##### Working data #####

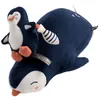 Image de Peluche pingouin marine - BABY SAILOR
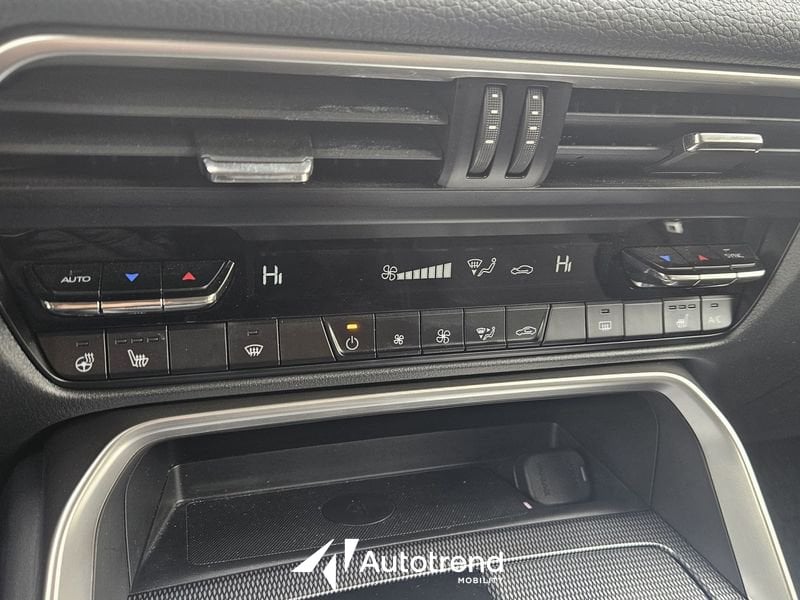 Mazda CX-60  3.3L e-Skyactiv-D 200 CV M-Hybrid Automatica Exclusive Line Auto in Conto Vendita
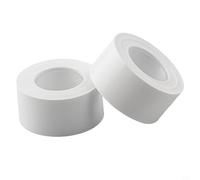 Zeroupshop Confezione da 2 rotoli di nastro adesivo professionale per stampante di etichette MAKEID L1, 16 mm di larghezza, resistente ai graffi e all'olio, per etichette di classificazione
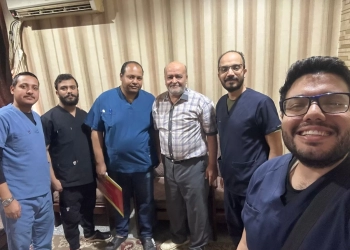 مستشفى قنا العام ينقذ سيدة من انسداد معوي نادر بسبب كتلة نباتية 30 - جريدة المساء مستشفى قنا العام ينقذ سيدة من انسداد معوي نادر بسبب كتلة نباتية 29 - جريدة المساء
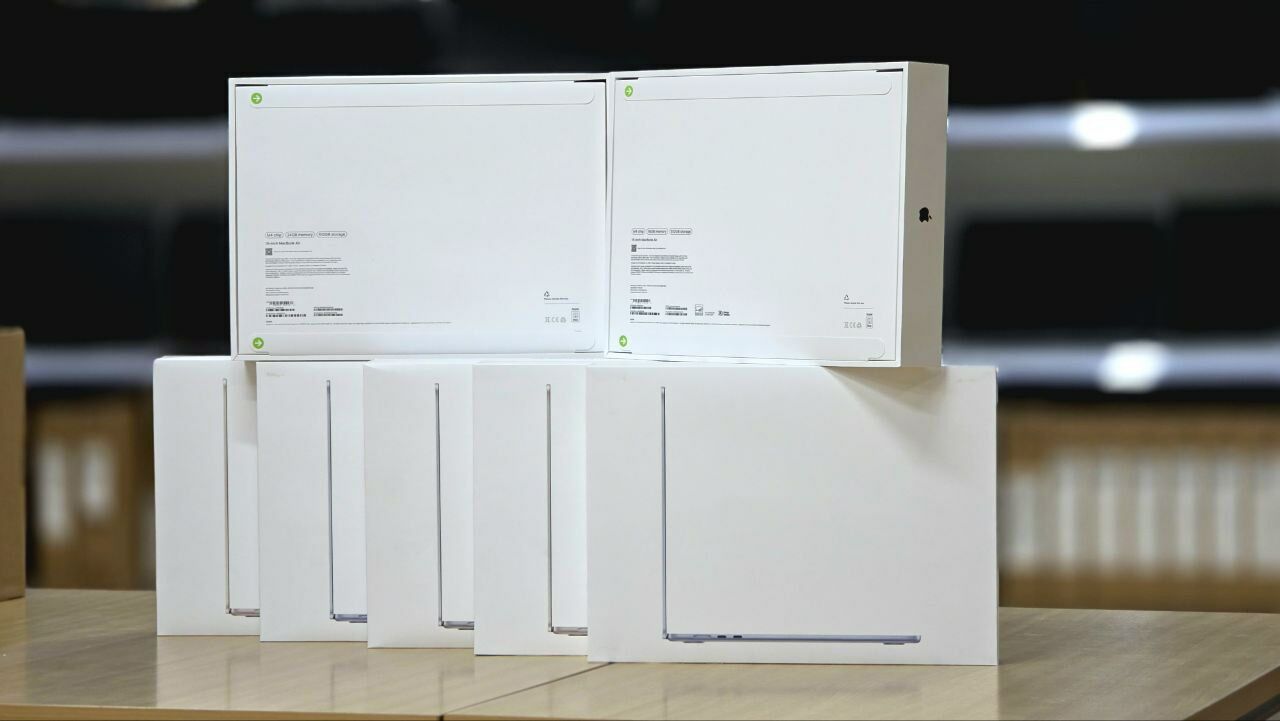MacBook Air15/24GB/16GB/256 - Aşgabat - img 1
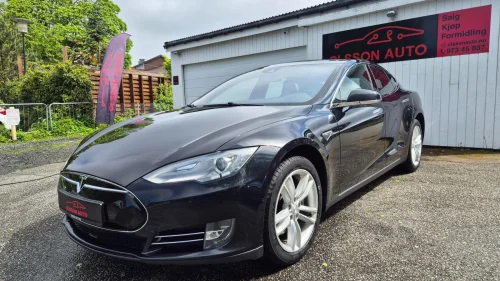 TESLA MOTORS Model S 85D/ Gratis Lading/ Autopilot/ CCS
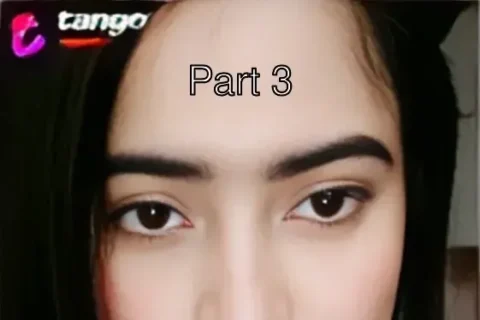 Moon Tango Private Show Saree Tease See Through Part 3 Sex Video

#####

(Exercise prompt)
Write down exactly the lines running from the line with "MacBook Air15/24GB/16GB/256 - Aşgabat - img 1" through the end of the material, both ends included, and none of the pictures.

(Answer to this exercise)
MacBook Air15/24GB/16GB/256 - Aşgabat - img 1
 TESLA MOTORS Model S 85D/ Gratis Lading/ Autopilot/ CCS
 Moon Tango Private Show Saree Tease See Through Part 3 Sex Video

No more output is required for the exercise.